Letztlich ist ein MFO ein Dienstleister, der sehr viele und teils heterogene Leistungen für Familien aus einer Hand anbietet. Bei der Entscheidung für ein MFO stellt sich also für ganz viele Leistungen die Frage, ob man sie besser intern erbringt (make) oder extern zukauft (buy). Die für diese Entscheidung relevanten Parameter schauen wir uns in einem weiteren Artikel dieser Reihe an. Aus der Summe der Einzelentscheidungen für jede Leistung ergibt sich dann ein relativ klares Bild, ob und inwieweit es eigener Strukturen bedarf oder inwieweit auf die Dienste eines MFO zurückgegriffen werden kann. Wenn sich dann noch ein MFO findet, dass die für die Familie wichtigen Leistungen in einer guten und auf die individuellen Bedürfnisse der Familie hinreichend abgestimmten Qualität erbringen kann, dann könnte zumindest für diese Familie der Trend zum MFO der richtige sein.

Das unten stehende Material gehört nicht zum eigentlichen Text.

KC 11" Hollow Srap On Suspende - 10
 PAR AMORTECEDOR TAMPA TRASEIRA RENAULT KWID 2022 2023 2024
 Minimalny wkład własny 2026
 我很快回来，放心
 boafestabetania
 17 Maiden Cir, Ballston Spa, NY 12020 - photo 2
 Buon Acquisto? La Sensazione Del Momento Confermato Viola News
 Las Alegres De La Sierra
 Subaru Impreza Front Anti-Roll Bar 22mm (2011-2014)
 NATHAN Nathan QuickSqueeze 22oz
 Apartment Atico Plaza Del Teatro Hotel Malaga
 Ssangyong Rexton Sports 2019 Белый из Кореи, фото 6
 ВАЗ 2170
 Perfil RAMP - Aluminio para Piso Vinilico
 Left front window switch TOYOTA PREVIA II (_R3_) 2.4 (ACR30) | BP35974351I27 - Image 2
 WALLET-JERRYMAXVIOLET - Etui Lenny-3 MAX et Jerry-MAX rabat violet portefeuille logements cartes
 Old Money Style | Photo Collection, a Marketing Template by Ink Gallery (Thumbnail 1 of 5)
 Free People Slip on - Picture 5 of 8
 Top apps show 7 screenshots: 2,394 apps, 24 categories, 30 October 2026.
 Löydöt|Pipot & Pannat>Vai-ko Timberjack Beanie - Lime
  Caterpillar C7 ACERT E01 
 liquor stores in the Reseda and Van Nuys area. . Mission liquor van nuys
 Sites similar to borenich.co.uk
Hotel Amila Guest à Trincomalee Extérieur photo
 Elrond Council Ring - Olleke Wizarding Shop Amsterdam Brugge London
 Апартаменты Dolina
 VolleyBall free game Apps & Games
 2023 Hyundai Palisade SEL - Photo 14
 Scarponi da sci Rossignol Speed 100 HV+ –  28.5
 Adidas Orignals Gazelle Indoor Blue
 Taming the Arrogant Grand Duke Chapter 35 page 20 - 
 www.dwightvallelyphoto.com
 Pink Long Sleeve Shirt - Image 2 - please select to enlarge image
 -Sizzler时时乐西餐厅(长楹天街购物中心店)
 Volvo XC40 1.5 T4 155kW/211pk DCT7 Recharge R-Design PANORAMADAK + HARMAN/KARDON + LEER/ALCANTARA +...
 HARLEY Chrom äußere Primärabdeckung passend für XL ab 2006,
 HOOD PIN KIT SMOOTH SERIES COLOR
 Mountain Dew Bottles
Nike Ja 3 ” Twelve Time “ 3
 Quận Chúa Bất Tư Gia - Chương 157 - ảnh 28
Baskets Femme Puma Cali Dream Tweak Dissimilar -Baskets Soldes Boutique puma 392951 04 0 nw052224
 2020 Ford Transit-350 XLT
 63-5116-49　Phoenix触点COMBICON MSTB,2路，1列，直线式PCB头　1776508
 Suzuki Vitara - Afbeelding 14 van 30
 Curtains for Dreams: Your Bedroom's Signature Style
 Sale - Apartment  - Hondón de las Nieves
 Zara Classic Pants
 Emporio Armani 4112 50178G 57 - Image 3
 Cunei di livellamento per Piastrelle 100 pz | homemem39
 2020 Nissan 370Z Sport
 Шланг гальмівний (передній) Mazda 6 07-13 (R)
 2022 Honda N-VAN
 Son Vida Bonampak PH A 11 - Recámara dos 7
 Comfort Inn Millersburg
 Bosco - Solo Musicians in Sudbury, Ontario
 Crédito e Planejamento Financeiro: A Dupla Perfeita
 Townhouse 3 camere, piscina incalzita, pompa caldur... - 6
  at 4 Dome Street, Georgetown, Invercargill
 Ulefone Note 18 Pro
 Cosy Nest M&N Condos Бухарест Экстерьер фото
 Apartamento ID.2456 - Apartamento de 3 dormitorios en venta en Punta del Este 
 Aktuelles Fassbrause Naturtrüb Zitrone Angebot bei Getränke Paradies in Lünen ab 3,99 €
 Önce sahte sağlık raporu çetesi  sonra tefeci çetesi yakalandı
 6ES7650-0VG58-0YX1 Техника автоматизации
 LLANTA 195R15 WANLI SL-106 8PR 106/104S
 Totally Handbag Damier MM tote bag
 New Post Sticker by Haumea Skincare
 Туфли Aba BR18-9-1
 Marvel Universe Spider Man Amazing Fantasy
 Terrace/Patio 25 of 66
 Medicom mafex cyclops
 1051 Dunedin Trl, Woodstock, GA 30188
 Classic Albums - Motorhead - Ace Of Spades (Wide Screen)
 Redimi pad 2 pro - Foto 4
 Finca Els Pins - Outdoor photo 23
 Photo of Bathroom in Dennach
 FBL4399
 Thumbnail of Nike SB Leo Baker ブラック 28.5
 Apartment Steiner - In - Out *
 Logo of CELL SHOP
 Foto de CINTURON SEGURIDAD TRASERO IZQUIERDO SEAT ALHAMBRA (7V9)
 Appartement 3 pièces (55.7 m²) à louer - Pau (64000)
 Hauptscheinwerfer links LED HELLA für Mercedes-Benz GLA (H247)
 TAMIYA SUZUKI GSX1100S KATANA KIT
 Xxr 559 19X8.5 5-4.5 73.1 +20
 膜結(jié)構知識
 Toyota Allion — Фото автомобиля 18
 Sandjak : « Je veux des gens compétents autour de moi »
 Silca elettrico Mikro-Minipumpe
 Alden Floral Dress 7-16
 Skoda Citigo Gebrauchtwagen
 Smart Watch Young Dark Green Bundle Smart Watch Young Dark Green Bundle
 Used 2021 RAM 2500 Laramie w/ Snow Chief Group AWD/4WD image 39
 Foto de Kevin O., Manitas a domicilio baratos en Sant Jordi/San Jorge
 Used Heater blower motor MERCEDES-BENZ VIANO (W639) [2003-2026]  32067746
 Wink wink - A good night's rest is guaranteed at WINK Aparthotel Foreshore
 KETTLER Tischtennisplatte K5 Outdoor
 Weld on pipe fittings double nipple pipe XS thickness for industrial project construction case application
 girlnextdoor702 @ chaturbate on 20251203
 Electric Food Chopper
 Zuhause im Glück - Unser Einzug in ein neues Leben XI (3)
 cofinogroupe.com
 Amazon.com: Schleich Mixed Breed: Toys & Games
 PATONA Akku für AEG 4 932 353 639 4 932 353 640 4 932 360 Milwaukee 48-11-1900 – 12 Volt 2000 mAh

Über einen Punkt sollte man sich dabei aber im Klaren sein: Auch das qualitativ beste, auf die Bedürfnisse der Kunden am meisten eingehende und die besten Relationship Manager beschäftigende MFO kommt nicht ohne einen Counterpart auf der Familienseite aus, der die Bedürfnisse der Familie gegenüber dem MFO sowie die Dienstleistungen, die von Dritten bezogen werden, mit denen des MFO koordiniert. Wenn diese wichtige Funktion nicht nebenbei durch ein Familienmitglied ausgefüllt wird, wird man wegen ihr auch dann, wenn man sich prinzipiell für die Einschaltung eines MFO entscheidet, an der Frage nicht vorbei kommen, inwieweit man auf Familienseite einen Koordinator oder dann doch ein abgespecktes Family Office aufbaut. Diese hybriden oder virtuellen Strukturen sollen Gegenstand des nächsten Artikels sein.